The company has announced that two new features will be rolled out sometime in the next several weeks called Lists and Retweets from users’ ideas.

“Twitter’s smart enough-or lucky enough-to say, ‘Gee, let’s not try to compete with our users in designing this stuff, let’s outsource design to them,’ ” said Eric von Hippel, head of the innovation and entrepreneurship group at the Sloan School of Management at MIT and author of the book “Democratizing Innovation.”

Professor von Hippel said that economists have thought that the people making products and running the companies are natural sources for new ideas and innovations. However, technology companies have turned that model upside-down successfully by allowing others to innovate for them. This works primarily because the Internet lets people around the world share ideas in real time and software allows users to design new products inexpensively. A good example of this is photo-sharing giant Flickr that started out as a small part of a game. When Flickr founders discovered that the photo-sharing aspect was more popular than the game, they shed the game and focused on building Flickr.

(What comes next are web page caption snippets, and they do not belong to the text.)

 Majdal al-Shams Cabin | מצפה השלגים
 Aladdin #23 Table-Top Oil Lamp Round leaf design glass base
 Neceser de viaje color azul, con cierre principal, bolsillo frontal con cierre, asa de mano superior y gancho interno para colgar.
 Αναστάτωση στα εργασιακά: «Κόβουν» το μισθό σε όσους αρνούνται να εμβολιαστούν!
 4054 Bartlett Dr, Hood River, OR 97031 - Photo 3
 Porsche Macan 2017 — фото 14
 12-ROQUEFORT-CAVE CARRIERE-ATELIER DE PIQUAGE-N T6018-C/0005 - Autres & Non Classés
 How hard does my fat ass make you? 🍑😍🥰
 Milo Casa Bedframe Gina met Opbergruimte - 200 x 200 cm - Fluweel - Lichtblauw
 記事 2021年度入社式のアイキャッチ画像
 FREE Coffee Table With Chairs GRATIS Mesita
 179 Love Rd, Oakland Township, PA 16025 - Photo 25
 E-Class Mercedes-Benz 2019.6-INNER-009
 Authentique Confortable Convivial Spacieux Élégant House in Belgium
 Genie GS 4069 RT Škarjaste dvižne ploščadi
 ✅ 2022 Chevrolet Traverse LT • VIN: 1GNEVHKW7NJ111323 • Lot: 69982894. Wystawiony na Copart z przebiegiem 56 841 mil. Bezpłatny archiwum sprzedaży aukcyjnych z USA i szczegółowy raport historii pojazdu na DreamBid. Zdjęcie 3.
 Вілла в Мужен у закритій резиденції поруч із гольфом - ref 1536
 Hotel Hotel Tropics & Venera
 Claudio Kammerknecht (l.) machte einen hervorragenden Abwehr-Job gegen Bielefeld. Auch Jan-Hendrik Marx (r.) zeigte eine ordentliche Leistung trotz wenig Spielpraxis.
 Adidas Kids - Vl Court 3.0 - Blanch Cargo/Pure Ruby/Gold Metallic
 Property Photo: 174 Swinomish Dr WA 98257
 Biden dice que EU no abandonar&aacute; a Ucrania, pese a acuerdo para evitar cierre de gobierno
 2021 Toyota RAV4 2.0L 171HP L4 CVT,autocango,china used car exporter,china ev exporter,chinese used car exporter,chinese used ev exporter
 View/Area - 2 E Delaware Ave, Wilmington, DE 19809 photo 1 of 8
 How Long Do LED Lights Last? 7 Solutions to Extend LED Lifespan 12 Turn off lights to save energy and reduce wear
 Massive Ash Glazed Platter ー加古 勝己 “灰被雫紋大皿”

This shift favors young start-up companies as older companies tend to rely on proven ideas and techniques, and the structures of their companies may discourage outside-the-box thinking intentionally or unintentionally. Nevertheless, that may be changing somewhat as older companies now try to emulate the methods of new companies after watching how new companies grow to success. One good example is Ford Motor Company-it noticed that users were modifying the voice-activated entertainment and GPS system, Sync, and so invited college students to create new features for the system.